CD4+ T cells were reduced compared to healthy controls but did not show an age-related decrease in COVID-19 patients. Contrastingly, CD8+ T cells were reduced compared to healthy controls in both age groups, but also in patients aged >80 years compared to younger COVID-19 patients.
Unsurprisingly, controls aged 80-96 had higher frequencies of terminally differentiated effector (TEM) and lower frequencies of naïve CD8+ T cells than controls aged <80 years. However, proportions of these phenotypes were not altered in COVID-19 patients aged 80-96, nor did the production of cytotoxic effector molecules increase.
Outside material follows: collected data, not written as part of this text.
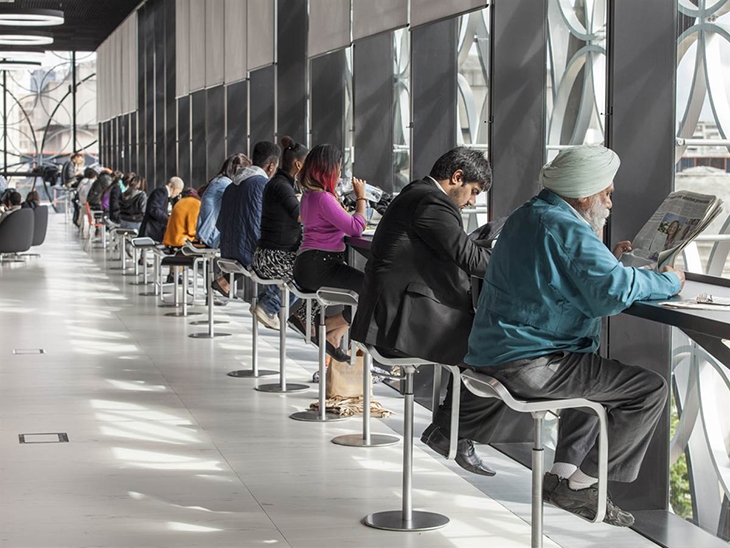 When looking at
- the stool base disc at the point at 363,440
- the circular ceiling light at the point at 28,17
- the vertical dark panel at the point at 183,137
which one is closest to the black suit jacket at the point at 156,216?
the vertical dark panel at the point at 183,137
Patients aged <80 demonstrated an ongoing CD8+ T cell response, characterised by increased TEM and effector memory (EM) and slightly reduced naïve CD8+ T cell frequencies compared to age-matched controls. CD8+ T cells in this cohort produced significantly more cytotoxic effector molecules (granzymes A and B and perforin) compared to age matched controls.
PD-1 expressing CD8+ T cells in patients of all ages produced granzyme A, although only patients aged 29-79 produced significantly more granzyme B and perforin than age-matched controls.
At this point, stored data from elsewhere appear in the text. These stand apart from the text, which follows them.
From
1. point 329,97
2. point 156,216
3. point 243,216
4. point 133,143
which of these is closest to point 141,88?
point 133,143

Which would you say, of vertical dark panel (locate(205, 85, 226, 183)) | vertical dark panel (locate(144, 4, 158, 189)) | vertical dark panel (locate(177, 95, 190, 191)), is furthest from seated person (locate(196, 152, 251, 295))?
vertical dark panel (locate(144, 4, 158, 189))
The majority of TEM and EM CD8+ T cells in patients of all ages produced at least two of granzymes A, B or perforin; it is unknown whether polyfunctional cytotoxic effector molecule production is protective or contributes to immunopathology.
Impact for COVID-19 research:
The impairment of cytotoxic T cell responses in elderly COVID-19 patients is likely to contribute to poorer infection control and greater disease severity in association with age. However, more in-depth characterisation of the T cells in association with differing disease severities/ trajectories is required to support these conclusions.
Study Type: Age matched case-control study of acute mild COVID-19 disease.
Key Techniques: PBMC directly isolated from patient blood and analysed by flow cytometry without ex-vivo stimulation. Clone and manufacturer information for the antibodies used are provided.
Relatively small study (n=30). Cohort numbers could be more clearly described in figures and supplementary data is missing.
Since the study included only mild cases, it is not possible to correlate the reduced cytotoxic response in the elderly patients to disease severity.
Phenotyping of the T cells was relatively limited; by comparison other studies have highlighted increased frequencies of CD4+ or CD8+ T cells expressing activation markers HLA-DR and CD38 (Mathew et al., 2020, Kuri-Cervantes et al., 2020) and cytokines e.g. IFNg (Chen et al., 2020).